Tradeoff for installing DIMM 7 & 8 in full build?

Nickel · October 5, 2024, 4:45am

Was reading the motherboard manual and saw:

“The blue slots must be populated first.
Only populate DIMMA2 and DIMMD2 if the extra memory support is needed.”

What’s the tradeoff for populating DIMMA2 and DIMMD2 vs not? Was originally thinking of populating them for additional ZFS ARC (that I probably don’t actually need), but if there is a perf hit I might reconsider.

DigitalGarden · October 5, 2024, 7:30am

The performance hit depends a bit on your workload, what CPU you chose, and what speed DIMMs 45HL provides with the full build–if they provide 2933 MT/s DIMMs or something slower.
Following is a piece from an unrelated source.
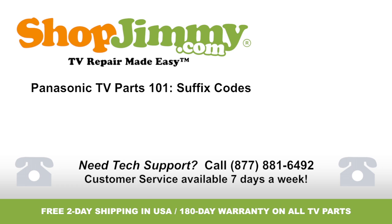Welcome to TV Repair Made Easy, brought to you by ShopJimmy.com. Visit www.shopjimmy.com to search the hundreds of thousands of TV parts in our inventory.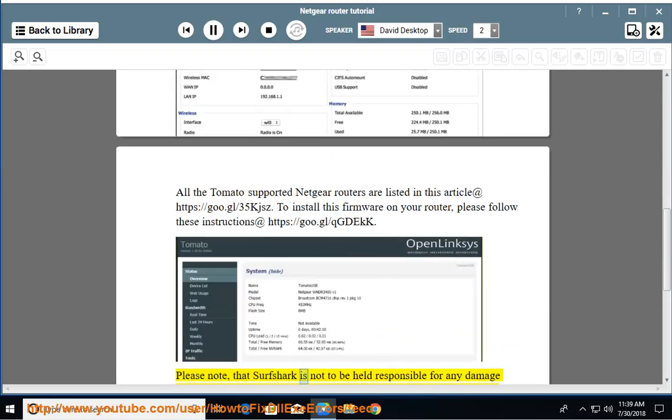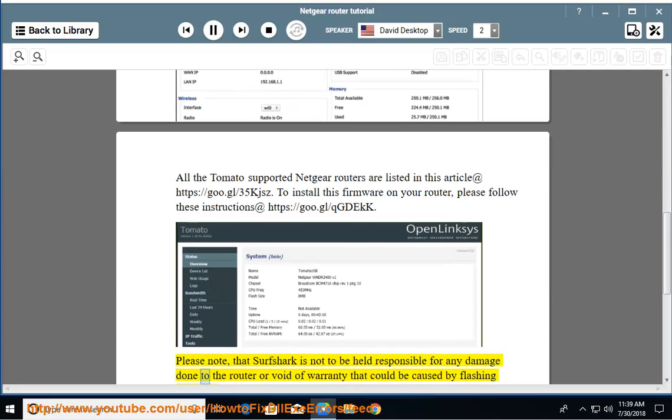Please note that Surfshark is not to be held responsible for any damage done to the router or void of warranty that could be caused by flashing your router.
I don’t have a full build.

Based on the table and Note 1 on page 34, the performance impact is probably zero unless you splurged for the 6230R upgrade. Without going into a whole explanation of slots and channels, when you populate A2/D2 you are causing the memory controller to switch from 1 DPC (DIMM Per Channel) to 2 DPC mode. Having the second DIMM on a channel allows for more RAM capacity, but slows down the maximum transfer speed to each of those DIMMs. The Xeon/LGA3647 platform used by the X11SPH allows for up to six memory channels, so to support 8 DIMM slots, two of those need to be paired, thus A2 (paired with A1) and D2 (paired with D1).

If you were/are running a 62xx CPU or higher, then the maximum memory transfer speed supported by the CPU would drop from 2933 to 2666. But this is also dependent on the speed rating of the RAM sticks, if that is only 2333, for example, then all the RAM will only operate at 2333. The speed limit is across all the RAM connected to a CPU, not a per slot or per channel basis. Since the 32xx and 42xx can’t operate the memory at 2933 anyway based on Note 1, and that is probably more likely the CPU you have, then adding RAM to A2/D2 shouldn’t slow anything down assuming you use 2666 MT/s RAM.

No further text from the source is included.